Lorsque Windows 8 sera lancé le 26 octobre, le client aura face à lui une interface unique sur les PC fixes, portables et les tablettes. Mais interface unique ne signifie pas nécessairement même système d’exploitation. Il est temps de faire le point sur un danger inhérent à la stratégie de l’unification pratiquée avec Windows 8 : l’incapacité potentielle du client à savoir ce qu’il va acheter.
Le brouillard
Vous avez été nombreux à nous faire parvenir des courriers pour nous demander des explications et des précisions sur Windows RT. Cette version spécifique de Windows 8 est conçue pour accompagner les machines équipées de puces ARM, dont l’architecture est radicalement différente de ce qu’on trouve habituellement dans les PC (x86). En surface, Windows 8 et RT affichent la même interface, que l’on parle du Start Screen ou du Bureau. Pourtant, les deux ont des différences fondamentales qu’il faut absolument connaître pour faire un choix éclairé sur le matériel.
La situation aurait été simple si seuls les PC et des tablettes Clover Trail (Intel, donc x86) avaient été commercialisés. Mais il n’en est rien : non seulement on trouvera bon nombre de tablettes ARM, mais la frontière va s’effacer encore davantage avec les portables eux-mêmes équipés de puces ARM. Par exemple, le Yoga 11 de Lenovo sera un portable hybride de 11 pouces équipé d’un Tegra 3 de NVIDIA. La réponse à votre question silencieuse est claire : oui, il s’agit d’un « PC » alimenté par une puce ARM. Et c’est ici que commence le danger du client.
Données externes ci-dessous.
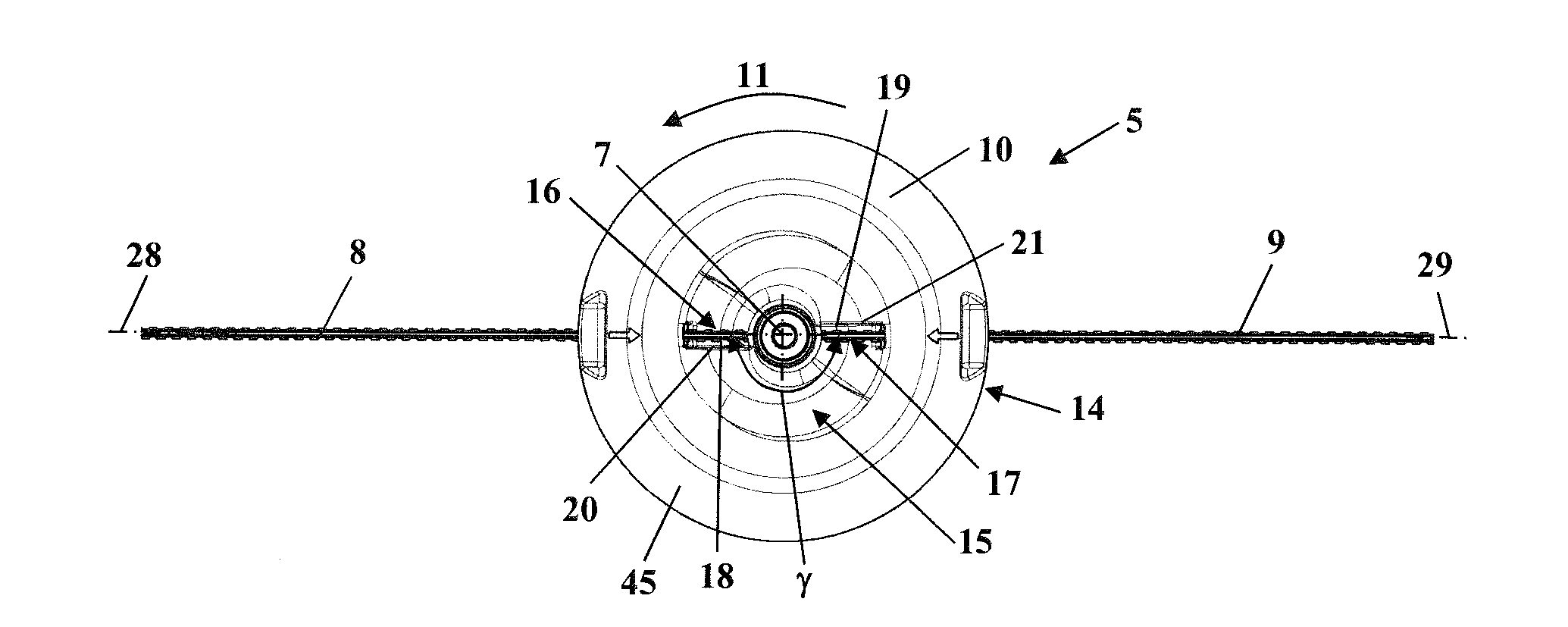 Filament cutterhead for a brushcutter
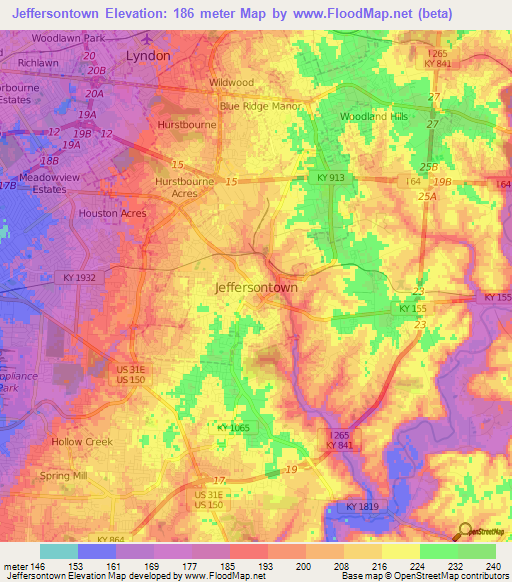 Jeffersontown,US Elevation Map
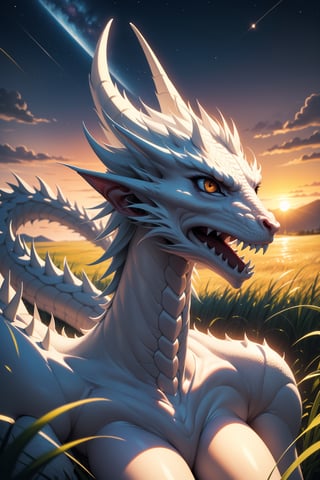 white dragon, white skin, life-size-body, human body porportion, headshot portrait, night sky, sunset, grass, scenery, highres, high quality, highly detailed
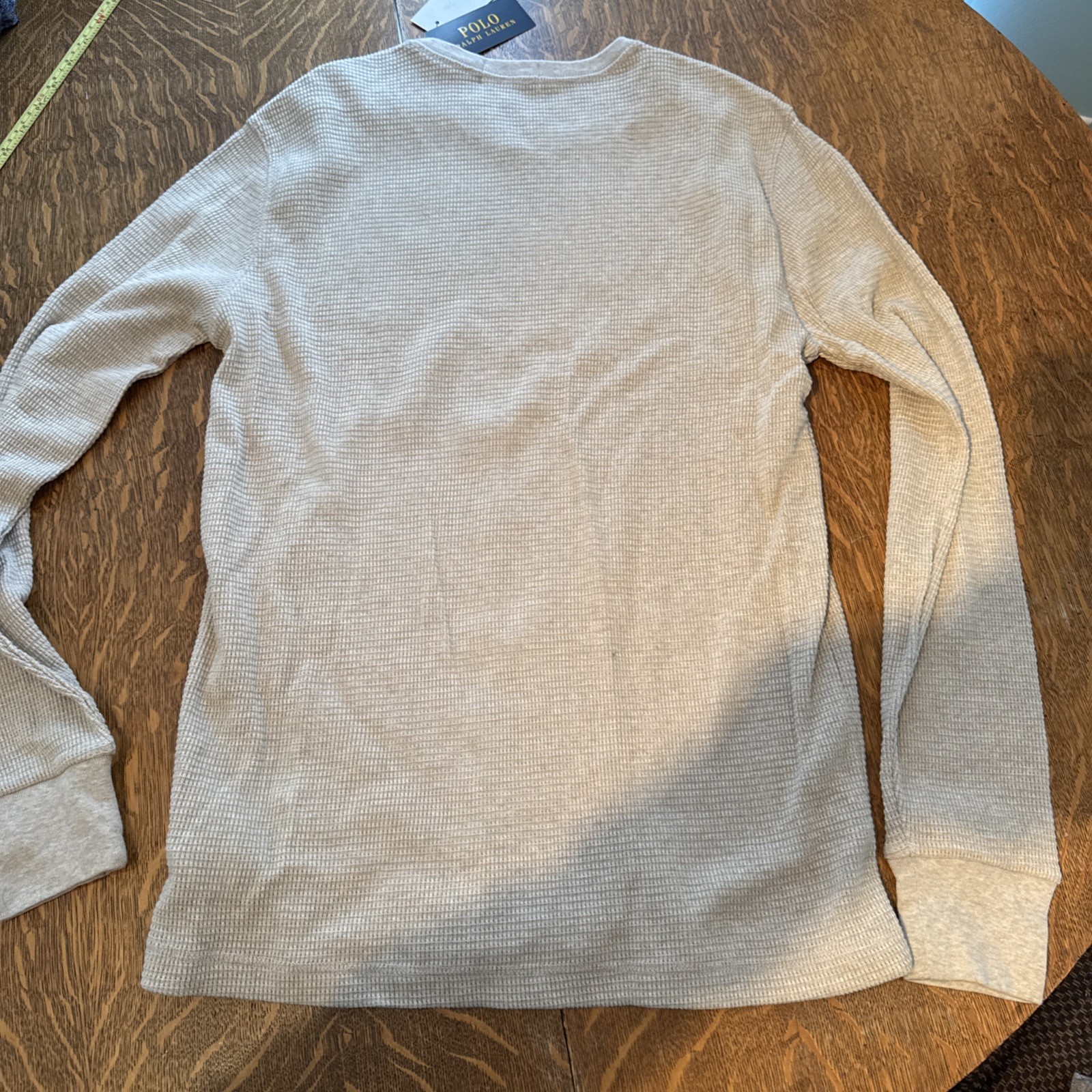 Polo Ralph Lauren Mens Thermal Shirt Large Slim Fit Tan Long Sleeve Waffle Knit thumbnail 9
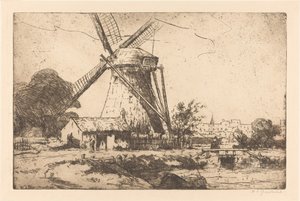 Mühle bei Den Haag von Willem Adrianus Grondhout (signed by artist)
Microsoft a souhaité une abstraction importante entre la partie logicielle et le matériel. En offrant une interface unique, la firme souhaite que le client achète une machine « sans y penser » puis l’utilise comme il le souhaite. Dans la pratique, ce comportement est impossible. Et pour cause, les capacités logicielles de Windows 8 et RT présentent une différence cruciale : Windows RT n’autorise pas l’installation et l’exécution des applications Win32.
Pourquoi ne puis-je pas installer mes logiciels et mes jeux ?
Le danger apparaît donc de manière très concrète : qu’un client choisisse une tablette ou un portable équipé d’une puce ARM et il ne pourra pas faire fonctionner ses applications habituelles. Le phénomène sera compensé en partie par l’intégration d’Office 2013, mais le champ applicatif ne pourra s’étendre qu’à travers le Windows Store et donc les applications Modern UI. L’utilisateur aura alors peut-être l’impression d’avoir acheté un PC Windows qui n’en est pas un.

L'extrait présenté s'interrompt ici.